With 20 teeth there is no undercut (the 20° minimum is ≈ 17). The render and DXF show
this exact profile.
Reference data
Preferred metric modules (ISO 54, series 1), with the circular pitch and the approximate equivalent diametral pitch. Sticking to a preferred module makes tooling, mating gears and replacements easier to source.

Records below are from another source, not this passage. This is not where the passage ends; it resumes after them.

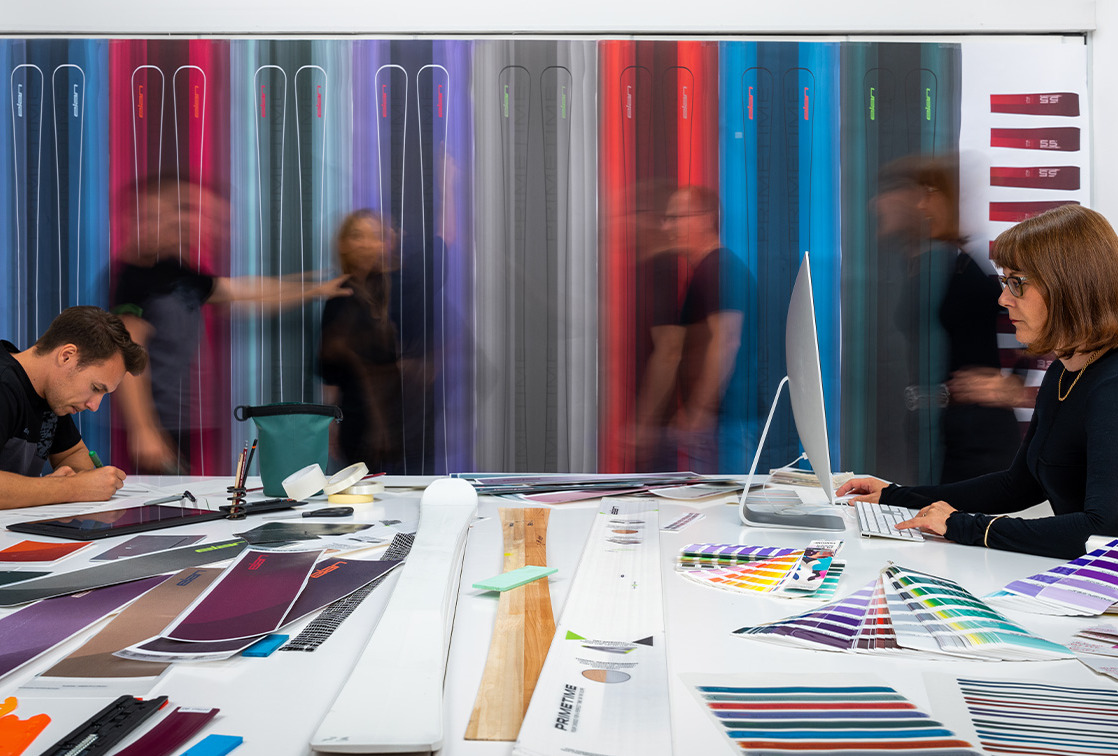 História a vývoj značky Elan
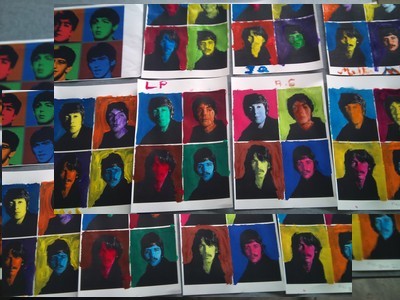 Des Beatles au Pop Art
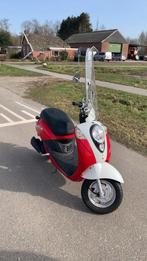 Sym mio 2007 nieuwstaat, Zo goed als nieuw, Benzine, 50 cc, Maximaal 25 km/u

| Module (mm) | Circular pitch (mm) | ≈ Diametral pitch (1/in) | Notes |
|---|---|---|---|
| 1 | 3.142 | 25.4 | Fine-pitch instruments and small mechanisms. |
| 1.25 | 3.927 | 20.3 | |
| 1.5 | 4.712 | 16.9 | |
| 2 | 6.283 | 12.7 | Common general-machinery module. |
| 2.5 | 7.854 | 10.2 | |
| 3 | 9.425 | 8.47 | |
| 4 | 12.57 | 6.35 | |
| 5 | 15.71 | 5.08 | |
| 6 | 18.85 | 4.23 | |
| 8 | 25.13 | 3.18 | |
| 10 | 31.42 | 2.54 | Heavy power transmission. |
| 12 | 37.7 | 2.12 | |
| 16 | 50.27 | 1.59 | |
| 20 | 62.83 | 1.27 |
Source: ISO 54 preferred-module series. Diametral pitch shown for reference; DP gears use their own standard series.
Frequently asked questions
- How do I calculate involute gear tooth geometry?
- From the module m and tooth count z: pitch diameter d = m·z, addendum = m, dedendum = 1.25 m, tip diameter = d + 2m and root diameter = d − 2.5 m. Enter the module (or diametral pitch), pressure angle and tooth count above and the calculator returns the full geometry.
- What is the difference between module and diametral pitch?
- Module (mm) is the pitch diameter divided by the number of teeth; diametral pitch (1/in) is the number of teeth divided by the pitch diameter in inches. They are reciprocals scaled by 25.4: m = 25.4 / DP. Use the size-system selector to enter whichever your drawing uses.
- Which pressure angle should I use?
- 20° is the modern standard and the right default. 14.5° is legacy (older equipment); 25° gives a stronger tooth but more separating force and noise. Mating gears must share the same module and pressure angle.
- How many teeth can I have before undercut?
- For a standard 20° tooth, undercut begins below about 17 teeth. Use more teeth, or add a positive profile shift. The calculator warns when undercut is likely and suggests the minimum shift coefficient.
- What does the DXF export give me?
- It downloads the exact involute tooth profile of the gear as a closed polyline (LWPOLYLINE), ready to open in CAD/CAM for laser, waterjet or wire-EDM cutting — the part that gear-generator searches actually want.
- Does this work in metric and imperial?
- Yes — toggle SI/Imperial in the header to switch diameters between mm and inches. The module-versus-diametral-pitch choice is separate, set by the size system.
Method & assumptions
- Standard full-depth involute profile (addendum = m, dedendum = 1.25 m). Stub or non-standard tooth systems differ.
- The profile-shifted center distance assumes the mating gear is unshifted; for a shifted pair, use the sum x₁ + x₂.
- Recommended backlash is a module-based rule of thumb (≈ 0.03–0.05 × module); real backlash is set by tooth-thickness allowance and the actual center distance and its tolerance.
- The DXF profile is a geometric involute with a simplified root fillet — verify against your manufacturing requirements.